Sure, I will make changes to the .csv file as suggested. ScType will provide label by returning the cellName column. As for the shortName column, it was used in another part of ScType, which I am not using. Just to check with you, which label would you all prefer for the cell type annotation, or it doesn't really matter?

[jashapiro]

ScType will provide label by returning the cellName column. As for the shortName column, it was used in another part of ScType, which I am not using. Just to check with you, which label would you all prefer for the cell type annotation, or it doesn't really matter?

I don't think it really matters, as long as the names are clear. At some point we will almost certainly have to do some harmonization across different references, but that will be well down the line (and not part of this module).

[UTSouthwesternDSSR]

Yes, I have completed all the changes that I have intended for this part (including editing the .csv file), and I am ready for a review. I will have to re-request review for it to be merged into the main branch, right?
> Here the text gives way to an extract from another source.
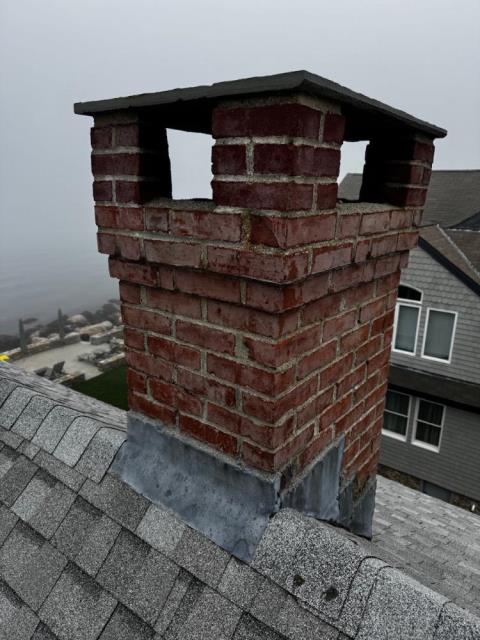 In Groton, CT, we rebuilt the chimney from the roofline up due to extensive freeze-thaw damage and structural deterioration. New lead flashing and crown were installed to ensure long-term protection.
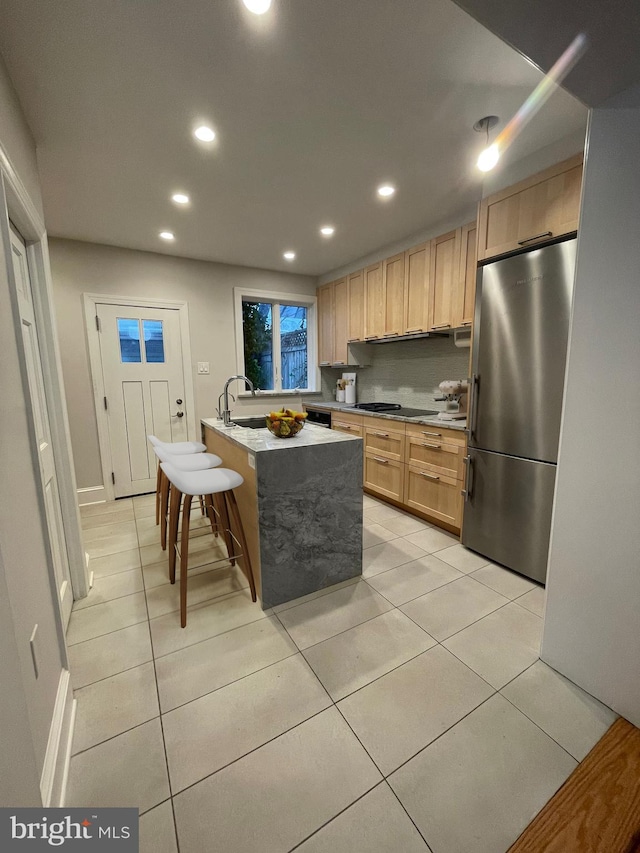 kitchen with light brown cabinets, stainless steel fridge, an island with sink, light tile patterned flooring, and a kitchen bar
Actually I have started working on the second part too. I have some technical questions, it seems like the Rstudio will crash when the memory reaches about 23GB, and the whole virtual machine freezes when I try to run CopyKat. I plan to download the rds file from S3 bucket to my local server for analysis with ./sync-results.py cell-type-nonETP-ALL-03 --bucket researcher-650251722463-us-east-2 --download --profile my-dev-profile, but it doesn't work. It is looking for git directory. I am wondering if I should clone the repository folder, or I will have to wait until my pull request get merged into the main branch?